Here’s a lovely historical confluence for you: today the House ratified the “fixes” in the Health Care Reform Bill Law. Today is also the 99th anniversary of the Triangle Shirtwaist Factory Fire, which killed 146 women, most of them immigrants who spoke little or no English.

The women died in all kinds of ways: some were trapped in the burning building , some fell when the single fire escape that could be reached ripped away from the wall of the building, some jumped from windows and were impaled on the wrought-iron fence below, others suffocated from smoke inhalation.

But mostly the women–some of whom were as young as 15–died because there weren’t any rules in place about workplace safety, about fire codes, about workers’ rights. There weren’t even any rules mandating that fire engines have ladders long enough to reach the upper floors of buildings–the fire engines at the factory fire reached to the 6th floor, but the fire started on the 9th floor. 

A  jury acquitted the factory owners at trial, although a later civil suit forced the owners to pay the whopping sum of $75 per victim.

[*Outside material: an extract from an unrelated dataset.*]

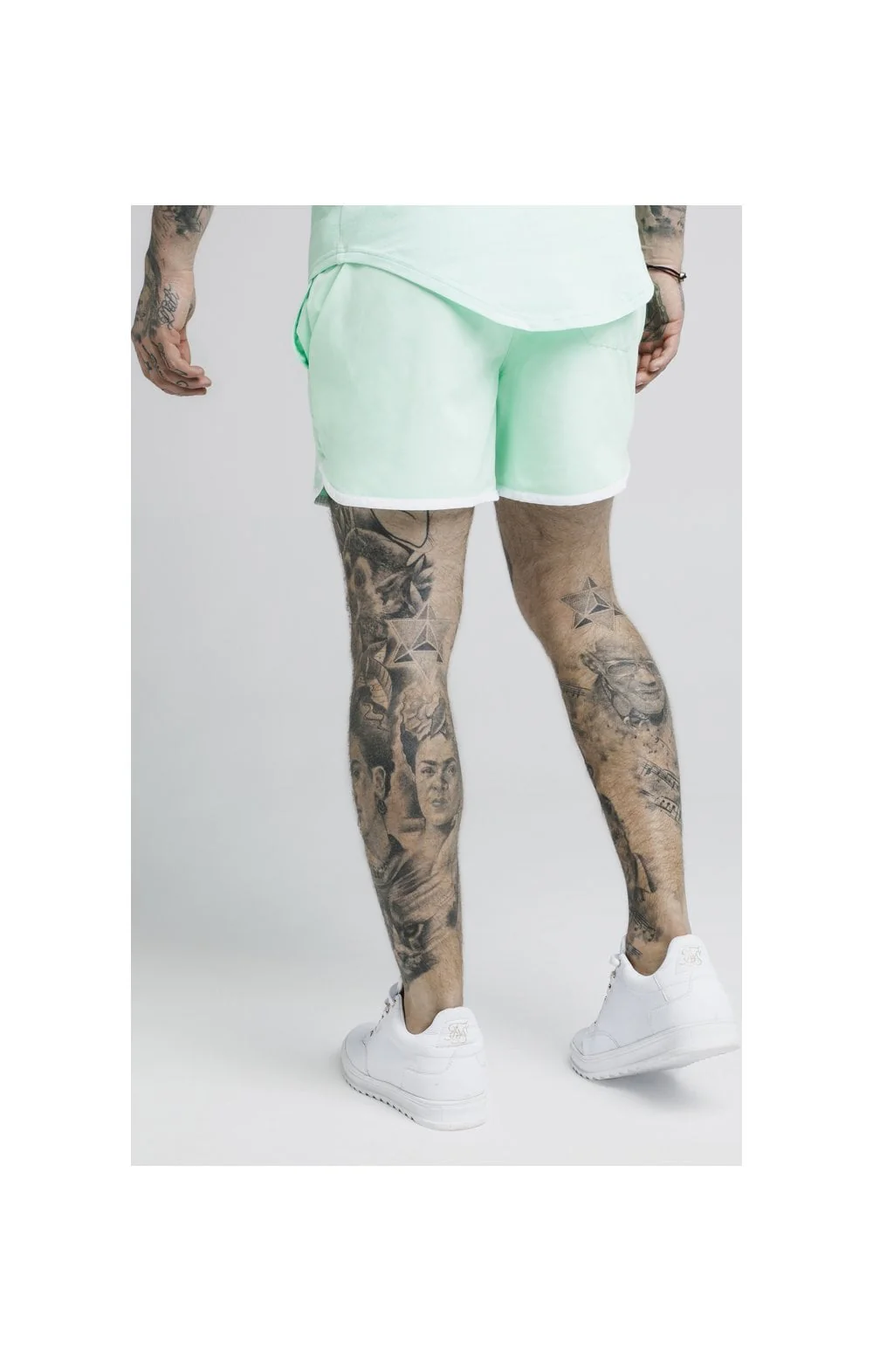 SikSilk Standard Bound Swim Shorts – Mint - Image 3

The insurance company–the insurance company — later paid the factory owners about $60,000 in damages, which amounts to about $400 per victim.

Funny, you know, 99 years ago, in the aftermath of this disaster, when labor advocates and progressives started advocating and agitating for reform, they were told that the reforms would drive companies out of business; that it would be too expensive; that it was the workers own fault for not knowing English, because they couldn’t understand the shouted instructions of the firemen who were yelling at them to jump into the safety nets nine stories below. Frances Parker, one of the most outspoken reformers (who later went on to work for that notorious socialist, FDR) was told repeatedly that the government had no right to intervene in business practices.